Его слово пробуждало человеческие сердца, его имя поднимало народ. Однажды ночью он произнес в Пазарджике речь, и этого было достаточно, чтобы собрать миллион грошей добровольных пожертвований. Часто он бывал резок, но ни перед кем не заискивал: исполнение долга было для него выше всех законов. Недостаток знаний искупался у него передовыми взглядами. Однажды, огорченный дикостью и суеверием каких-то крестьян, он с возмущением сказал им:
— Вы станете настоящими людьми только тогда, когда начнете есть мясо по средам и пятницам.
Как-то раз, когда он лихорадочно работал по организации комитетов в окрестностях Софии, крестьяне спросили его:
— Бай Васил! Кого же мы поставим царем, когда освободим Болгарию?
— Если мы боремся с турками только ради царя — значит, мы глупцы. Султан у нас есть и сейчас. Не царь нам нужен, а свобода и равенство всех людей, — хмуро ответил Левский.
— А сам ты-какое место займешь?.. Небось самое первое?
— Никакого не займу. Я пойду тогда к другим порабощенным народам и буду делать то же, что делаю сейчас здесь.
И говорил он вполне искренно.
В своей смелости Левский был способен на самые дерзкие поступки.
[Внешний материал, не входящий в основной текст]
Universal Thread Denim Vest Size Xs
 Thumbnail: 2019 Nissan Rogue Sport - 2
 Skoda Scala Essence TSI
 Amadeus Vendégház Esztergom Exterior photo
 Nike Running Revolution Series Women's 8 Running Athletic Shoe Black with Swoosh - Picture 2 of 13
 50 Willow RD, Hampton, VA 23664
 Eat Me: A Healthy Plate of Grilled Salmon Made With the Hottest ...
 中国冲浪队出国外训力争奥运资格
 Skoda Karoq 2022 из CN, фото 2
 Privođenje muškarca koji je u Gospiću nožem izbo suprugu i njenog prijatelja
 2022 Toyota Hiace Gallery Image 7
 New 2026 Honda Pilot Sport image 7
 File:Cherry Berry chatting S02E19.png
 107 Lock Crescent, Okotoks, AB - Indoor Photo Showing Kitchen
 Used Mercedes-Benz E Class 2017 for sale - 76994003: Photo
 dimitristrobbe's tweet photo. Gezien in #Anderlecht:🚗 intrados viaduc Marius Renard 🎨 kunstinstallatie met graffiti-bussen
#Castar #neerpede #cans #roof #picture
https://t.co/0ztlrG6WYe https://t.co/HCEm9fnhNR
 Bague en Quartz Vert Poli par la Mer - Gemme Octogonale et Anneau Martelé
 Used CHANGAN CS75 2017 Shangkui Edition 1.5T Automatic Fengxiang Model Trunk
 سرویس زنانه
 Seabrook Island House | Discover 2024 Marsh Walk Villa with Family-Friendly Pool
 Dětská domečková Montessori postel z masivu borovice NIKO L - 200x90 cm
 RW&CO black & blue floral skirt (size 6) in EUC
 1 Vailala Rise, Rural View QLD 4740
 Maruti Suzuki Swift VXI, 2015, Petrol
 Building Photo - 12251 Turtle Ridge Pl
Ежеминутные опасности, которым он подвергался в течение нескольких лет, стали его стихией, где он отлично себя чувствовал и черпал уверенность в себе, как генерал, привыкший к свисту пуль. Как-то в Сопоте, в комнате местного учителя, собрались члены тайного комитета. И вдруг неожиданно там появился известный турецкий шпион и уселся вместе с ними. Все замолкли, а незваный гость как ни в чем не бывало продолжал сидеть. Взбешенный Левский вскочил, дал ему пощечину и крикнул;
— Пошел вон, подлец!
— Что? Какое ты имеешь право бить меня? — спросил ошеломленный негодяй.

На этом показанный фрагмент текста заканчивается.